Im Land herrsche eine sehr angespannte Situation. Die angebliche Spaltung des Landes sei aber ein Mythos. Große Teile der Gesellschaft stünden der Regierung in Kiew sehr kritisch gegenüber, an der Einheit des Landes wollten sie aber festhalten. Sie wollten nicht unter die Fittiche des russischen Präsidenten Wladimir Putin kommen. Auch in Umfrage hätten sich große Mehrheiten für die Einheit des Landes ausgesprochen. Maximal zwölf bis 15 Prozent hätten sich dabei für den Anschluss an Russland ausgesprochen.

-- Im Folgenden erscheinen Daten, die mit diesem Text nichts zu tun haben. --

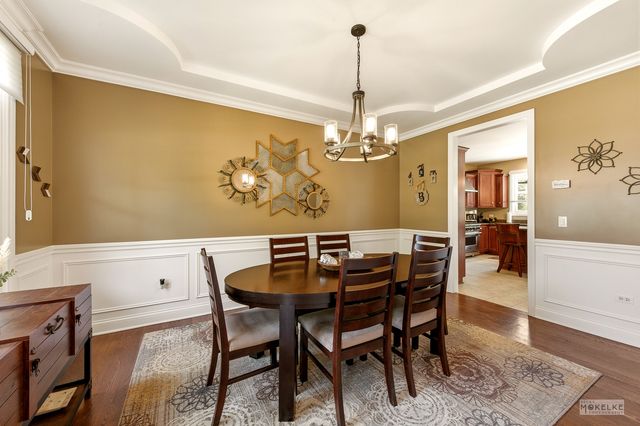 15528 Dan Patch Drive, Plainfield, IL 60544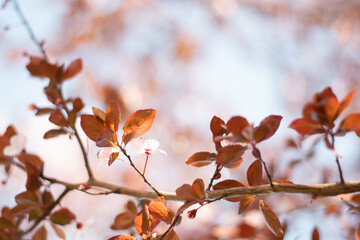 spring background flowers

Das Problem im Osten des Landes sei, dass dort die Sicherheitskräfte nicht mehr loyal zur Regierung stünden. Kleine Gruppen hätten dort die Macht übernommen und terrorisierten die Bevölkerung. Die Regierung stecke dabei in einem Dilemma, sie könne den Terrorismus nicht tolerieren, müsse aber Blutvergießen vermeiden. Sie könne deshalb nur sehr vorsichtig gegen die bewaffneten Gruppen vorgehen. Viel werde auch von der Haltung der EU abhängen. Sie müsse deutlich machen, dass sie eine Zerlegung eines europäischen Staates nicht hinnehme.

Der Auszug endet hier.